- Exercise description
Your answer should be the lines from the one with "Maison à vendre" to the end of the data below, both included, exact and free of pictures.

::: Provided data :::

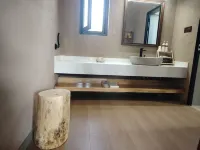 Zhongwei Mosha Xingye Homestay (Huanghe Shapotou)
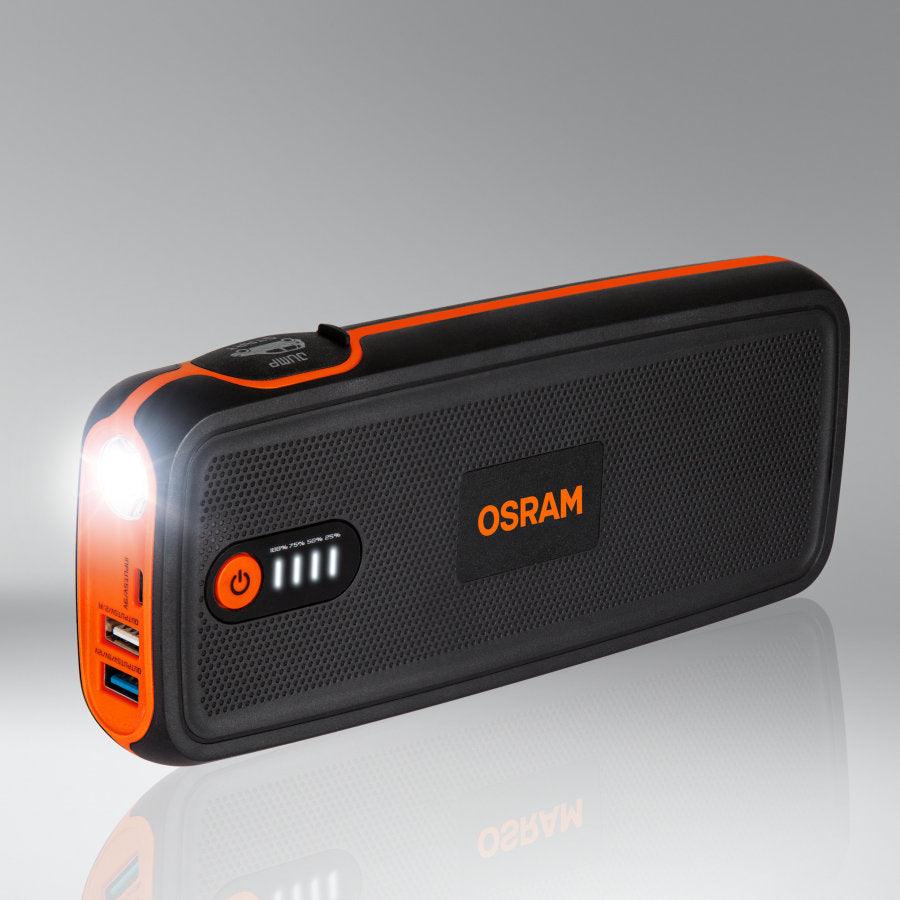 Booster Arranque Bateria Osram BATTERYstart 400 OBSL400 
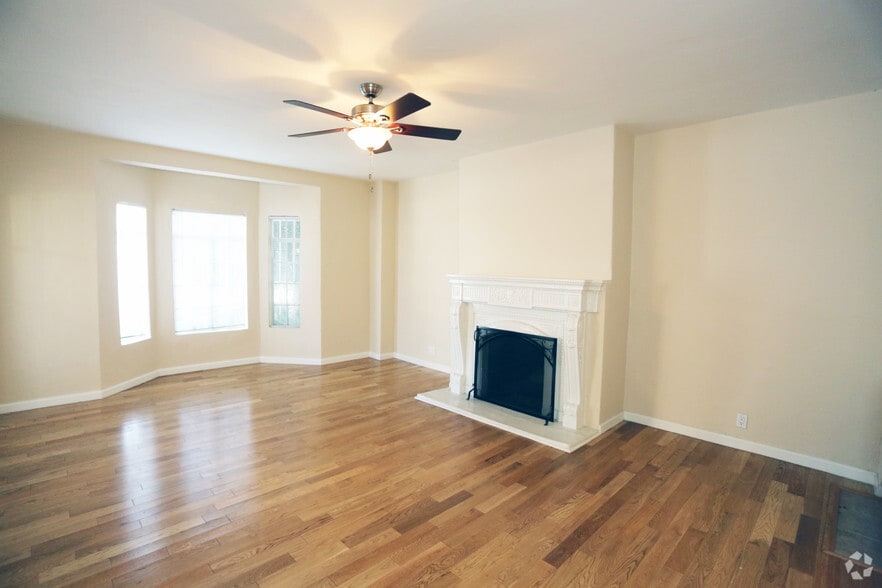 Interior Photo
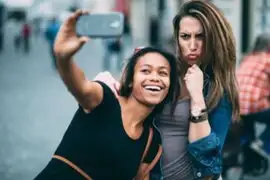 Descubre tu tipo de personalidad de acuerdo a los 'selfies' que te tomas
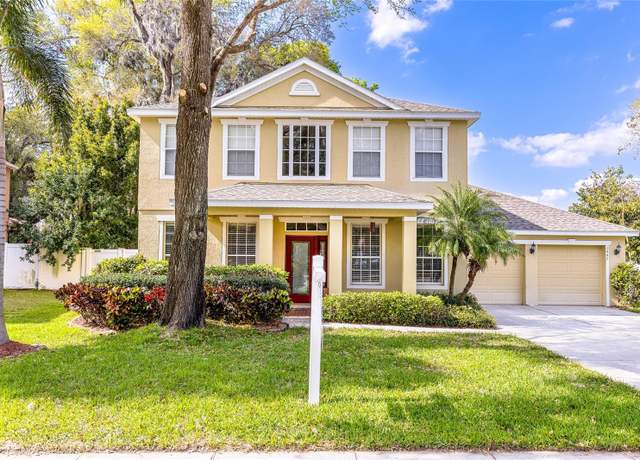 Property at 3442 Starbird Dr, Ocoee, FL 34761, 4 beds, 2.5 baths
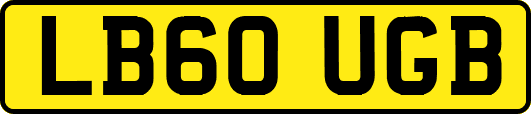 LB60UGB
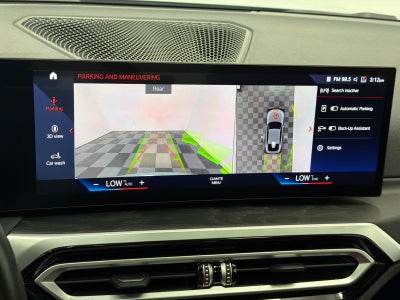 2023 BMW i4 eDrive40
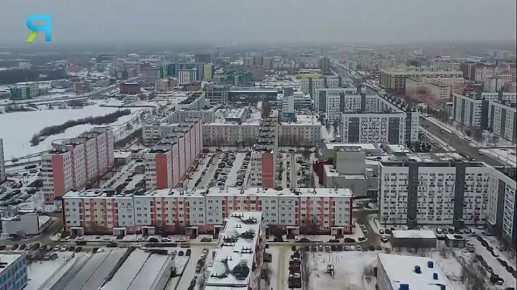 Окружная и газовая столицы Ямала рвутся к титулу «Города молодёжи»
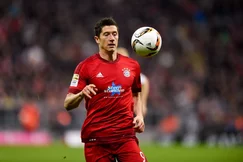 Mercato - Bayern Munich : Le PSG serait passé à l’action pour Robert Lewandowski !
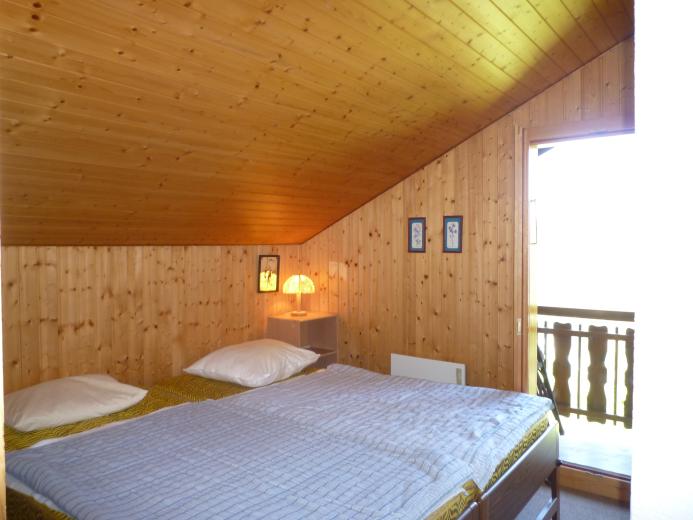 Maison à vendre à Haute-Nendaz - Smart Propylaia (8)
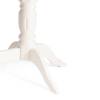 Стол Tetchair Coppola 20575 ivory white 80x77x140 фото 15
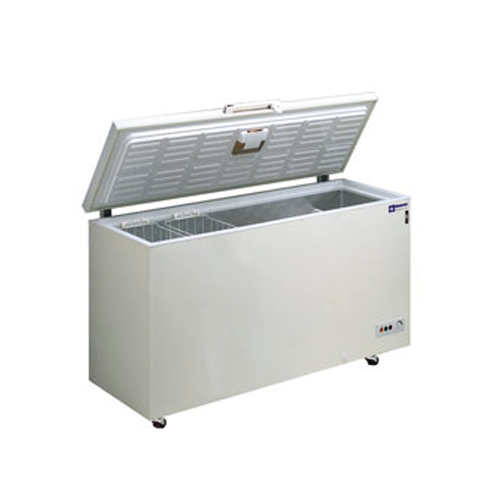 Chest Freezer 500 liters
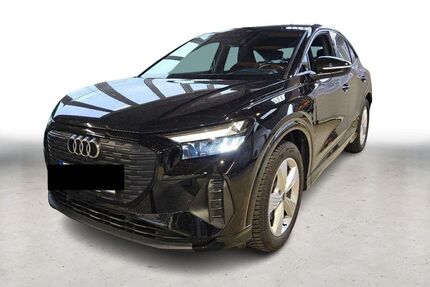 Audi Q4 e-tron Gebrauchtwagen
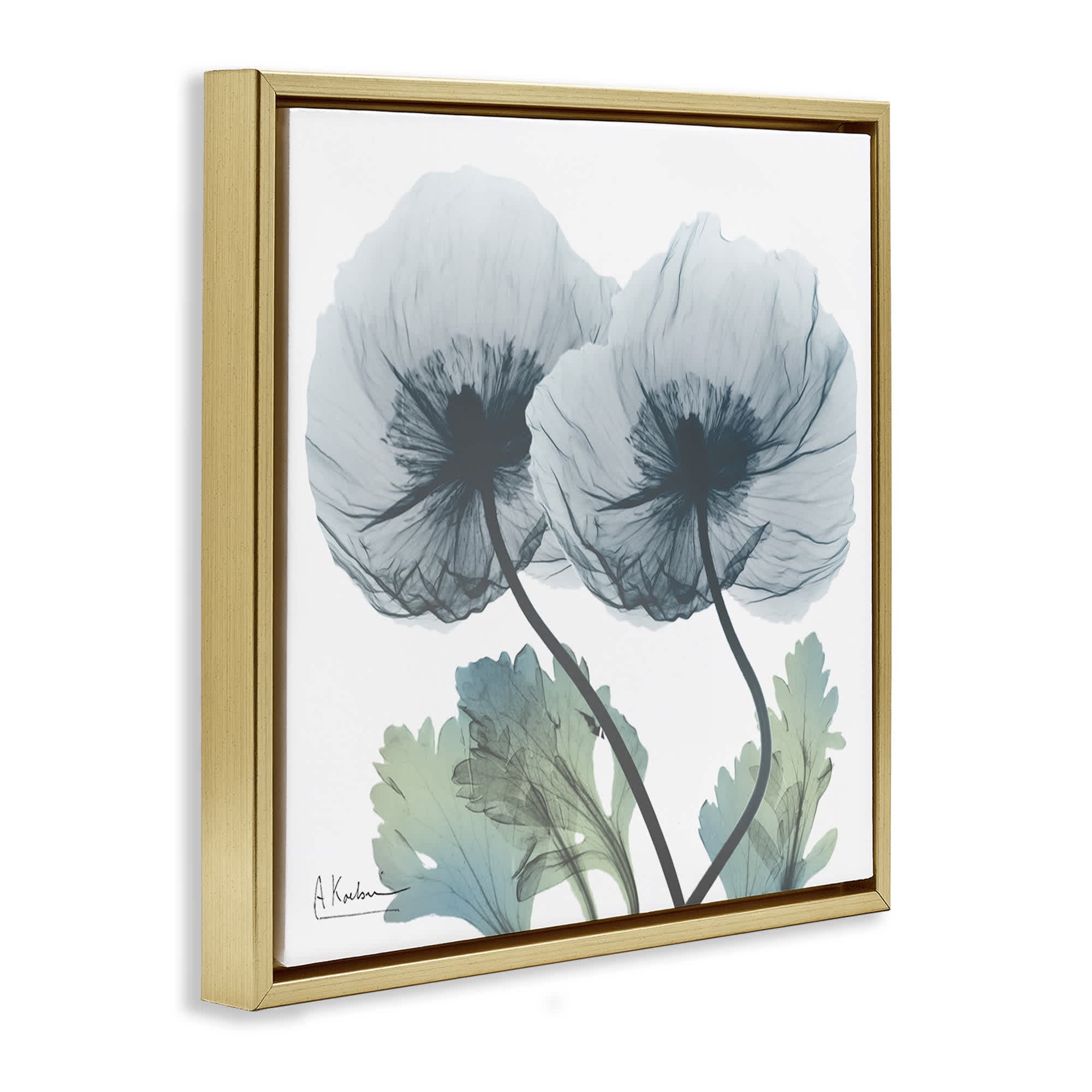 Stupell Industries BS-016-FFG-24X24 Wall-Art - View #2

:::

- Solution to the exercise
 Maison à vendre à Haute-Nendaz - Smart Propylaia (8)
 Стол Tetchair Coppola 20575 ivory white 80x77x140 фото 15
 Chest Freezer 500 liters
 Audi Q4 e-tron Gebrauchtwagen
 Stupell Industries BS-016-FFG-24X24 Wall-Art - View #2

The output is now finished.